Ketika rapat-rapat bersama DPM U, Adit merupakan salah seorang Anggota DPM U yang cukup menarik perhatian saya. Karena ia adalah orang yang sangat kritis terhadap kerja-kerja BEM U. Ia tidak segan untuk lantang menyuarakan unek-uneknya kepada BEM U meskipun yang menjadi Presiden Mahasiswa saat itu adalah seniornya sendiri di Jurusan Fisika FKIP.

Ia seolah ingin menunjukkan keberanian dan profesionalitasnya sebagai seorang legislator yang mencintai almamaternya dan layak berada di DPM U. Cara berbicaranya yang cepat dan meledak-ledak serta argumentasinya yang panjang lebar membuat saya percaya bahwa ia punya pengetahuan yang luas. Sampai disini saya yakin bahwa Adit punya potensi yang besar untuk menjadi orang hebat di masa depan.

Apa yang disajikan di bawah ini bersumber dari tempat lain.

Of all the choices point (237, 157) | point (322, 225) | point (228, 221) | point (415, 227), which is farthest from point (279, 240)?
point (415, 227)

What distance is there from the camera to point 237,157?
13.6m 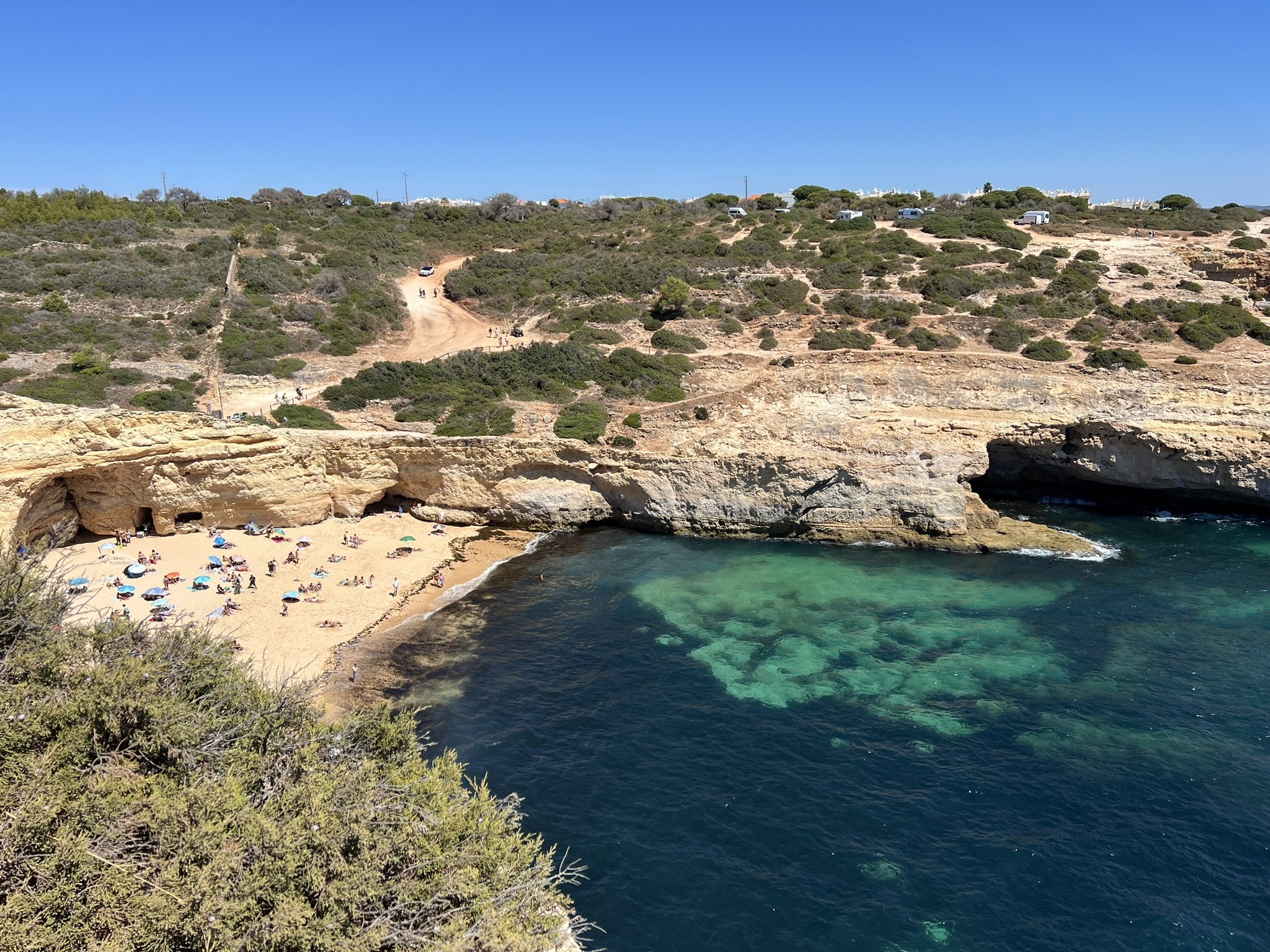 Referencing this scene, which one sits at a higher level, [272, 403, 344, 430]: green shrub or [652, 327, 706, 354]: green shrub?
[652, 327, 706, 354]: green shrub

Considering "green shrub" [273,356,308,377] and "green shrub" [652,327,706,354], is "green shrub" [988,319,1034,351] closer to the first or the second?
"green shrub" [652,327,706,354]

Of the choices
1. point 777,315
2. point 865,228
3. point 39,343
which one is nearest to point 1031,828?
point 777,315

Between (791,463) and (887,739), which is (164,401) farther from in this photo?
(887,739)

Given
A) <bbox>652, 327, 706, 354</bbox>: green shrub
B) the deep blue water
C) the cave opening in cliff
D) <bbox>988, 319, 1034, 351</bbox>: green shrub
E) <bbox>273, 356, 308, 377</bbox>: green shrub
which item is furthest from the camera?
<bbox>652, 327, 706, 354</bbox>: green shrub

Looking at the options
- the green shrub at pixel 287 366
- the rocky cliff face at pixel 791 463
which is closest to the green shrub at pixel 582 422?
the rocky cliff face at pixel 791 463

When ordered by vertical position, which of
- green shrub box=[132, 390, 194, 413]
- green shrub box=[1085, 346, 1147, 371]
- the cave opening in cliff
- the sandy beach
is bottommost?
the sandy beach

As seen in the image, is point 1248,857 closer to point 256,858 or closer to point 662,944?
point 662,944

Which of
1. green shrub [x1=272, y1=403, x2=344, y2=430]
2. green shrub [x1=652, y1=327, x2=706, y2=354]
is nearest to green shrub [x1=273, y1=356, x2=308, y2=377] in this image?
green shrub [x1=272, y1=403, x2=344, y2=430]

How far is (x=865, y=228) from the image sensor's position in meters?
59.3

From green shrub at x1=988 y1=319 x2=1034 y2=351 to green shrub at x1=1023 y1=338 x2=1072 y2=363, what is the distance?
3.46ft

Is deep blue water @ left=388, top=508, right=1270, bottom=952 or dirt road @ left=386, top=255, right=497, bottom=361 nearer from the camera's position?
deep blue water @ left=388, top=508, right=1270, bottom=952

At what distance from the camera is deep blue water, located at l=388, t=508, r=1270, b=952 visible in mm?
14102

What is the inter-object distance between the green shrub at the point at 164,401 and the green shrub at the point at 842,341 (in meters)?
31.2

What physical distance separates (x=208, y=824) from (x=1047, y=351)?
39.4 meters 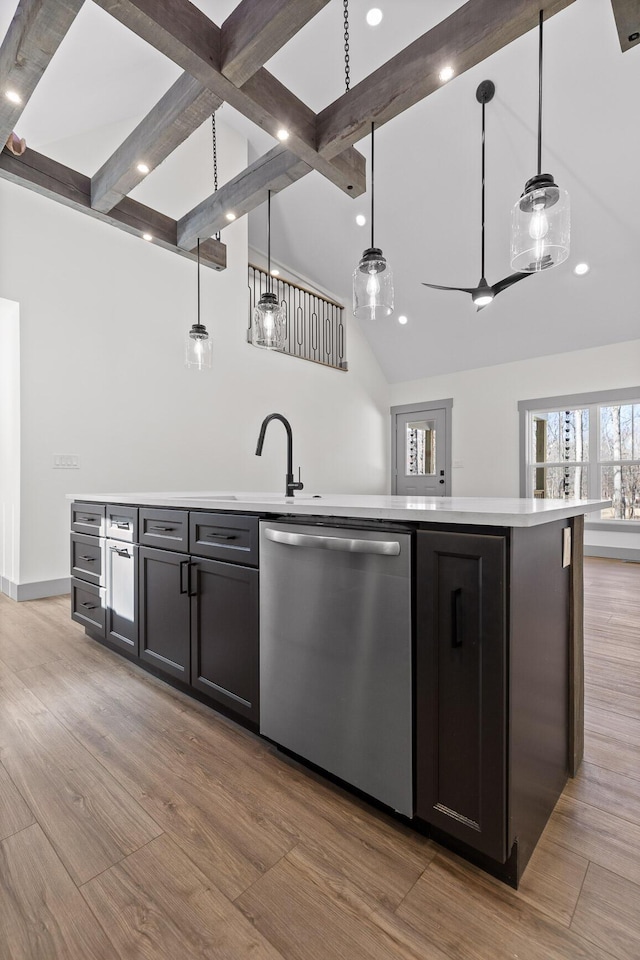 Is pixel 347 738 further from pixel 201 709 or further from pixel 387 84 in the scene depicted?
pixel 387 84

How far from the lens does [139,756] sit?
1633 millimetres

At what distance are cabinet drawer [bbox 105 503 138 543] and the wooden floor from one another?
0.84m

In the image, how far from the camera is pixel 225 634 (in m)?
1.76

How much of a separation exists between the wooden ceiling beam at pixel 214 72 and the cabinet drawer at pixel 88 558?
2.19 m

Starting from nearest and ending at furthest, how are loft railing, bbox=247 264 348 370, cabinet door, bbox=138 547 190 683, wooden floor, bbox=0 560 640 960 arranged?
wooden floor, bbox=0 560 640 960 → cabinet door, bbox=138 547 190 683 → loft railing, bbox=247 264 348 370

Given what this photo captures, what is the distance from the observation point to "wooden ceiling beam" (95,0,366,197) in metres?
1.48

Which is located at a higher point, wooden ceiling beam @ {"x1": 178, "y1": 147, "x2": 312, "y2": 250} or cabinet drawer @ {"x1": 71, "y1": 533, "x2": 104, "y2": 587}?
wooden ceiling beam @ {"x1": 178, "y1": 147, "x2": 312, "y2": 250}

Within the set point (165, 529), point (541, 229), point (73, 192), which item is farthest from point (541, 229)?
point (73, 192)

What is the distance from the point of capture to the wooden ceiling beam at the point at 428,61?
147cm

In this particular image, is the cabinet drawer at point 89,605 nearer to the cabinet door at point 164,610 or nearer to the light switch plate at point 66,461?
the cabinet door at point 164,610

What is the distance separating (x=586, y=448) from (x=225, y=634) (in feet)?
19.8

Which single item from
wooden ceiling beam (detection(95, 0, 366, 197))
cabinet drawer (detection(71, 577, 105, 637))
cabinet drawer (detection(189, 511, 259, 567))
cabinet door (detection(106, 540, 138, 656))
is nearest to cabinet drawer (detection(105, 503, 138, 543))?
cabinet door (detection(106, 540, 138, 656))

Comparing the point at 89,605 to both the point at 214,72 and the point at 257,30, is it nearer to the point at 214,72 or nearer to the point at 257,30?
the point at 214,72

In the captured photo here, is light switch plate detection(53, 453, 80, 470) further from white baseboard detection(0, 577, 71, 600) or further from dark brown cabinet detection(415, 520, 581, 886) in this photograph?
dark brown cabinet detection(415, 520, 581, 886) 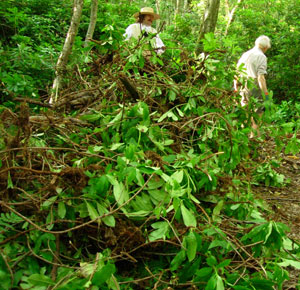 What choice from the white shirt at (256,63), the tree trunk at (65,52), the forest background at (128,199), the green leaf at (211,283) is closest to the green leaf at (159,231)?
the forest background at (128,199)

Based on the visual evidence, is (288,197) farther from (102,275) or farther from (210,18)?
(210,18)

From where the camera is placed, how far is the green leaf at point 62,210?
5.65 feet

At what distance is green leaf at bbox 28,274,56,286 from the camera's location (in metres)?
1.37

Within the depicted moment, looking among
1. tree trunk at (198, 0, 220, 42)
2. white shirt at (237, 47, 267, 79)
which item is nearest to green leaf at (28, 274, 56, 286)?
white shirt at (237, 47, 267, 79)

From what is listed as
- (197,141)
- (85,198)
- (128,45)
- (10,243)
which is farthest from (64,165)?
(128,45)

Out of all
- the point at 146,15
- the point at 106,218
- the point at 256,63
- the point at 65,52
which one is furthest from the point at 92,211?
the point at 256,63

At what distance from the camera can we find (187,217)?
68.9 inches

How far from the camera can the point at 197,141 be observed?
2834mm

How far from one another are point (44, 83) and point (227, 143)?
102 inches

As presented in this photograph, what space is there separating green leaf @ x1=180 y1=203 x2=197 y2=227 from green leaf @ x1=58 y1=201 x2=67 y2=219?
24.2 inches

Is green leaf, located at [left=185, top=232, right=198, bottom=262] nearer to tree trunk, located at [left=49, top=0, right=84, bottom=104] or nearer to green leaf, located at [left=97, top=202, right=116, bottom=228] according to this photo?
green leaf, located at [left=97, top=202, right=116, bottom=228]

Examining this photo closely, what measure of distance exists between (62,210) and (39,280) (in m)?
0.42

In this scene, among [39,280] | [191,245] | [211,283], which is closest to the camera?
[39,280]

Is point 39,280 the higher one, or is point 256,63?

Oleh karena itulah, saat saya diberi kesempatan untuk menahkodai BEM U tahun 2010-2011, tanpa ragu saya undang Adit untuk mengemban tugas sebagai Menteri Hukum, Advokasi, dan Perundang-undangan. Awalnya ia ragu, karena secara bersamaan ia diminta pula oleh temannya untuk mengemban amanah di luar kampus. Apalagi, selain kuliah dan berorganisasi, ia juga bekerja sebagai pengajar privat di beberapa tempat. Namun, setelah beberapa kali diyakinkan barulah ia menyanggupi untuk bergabung di BEM U.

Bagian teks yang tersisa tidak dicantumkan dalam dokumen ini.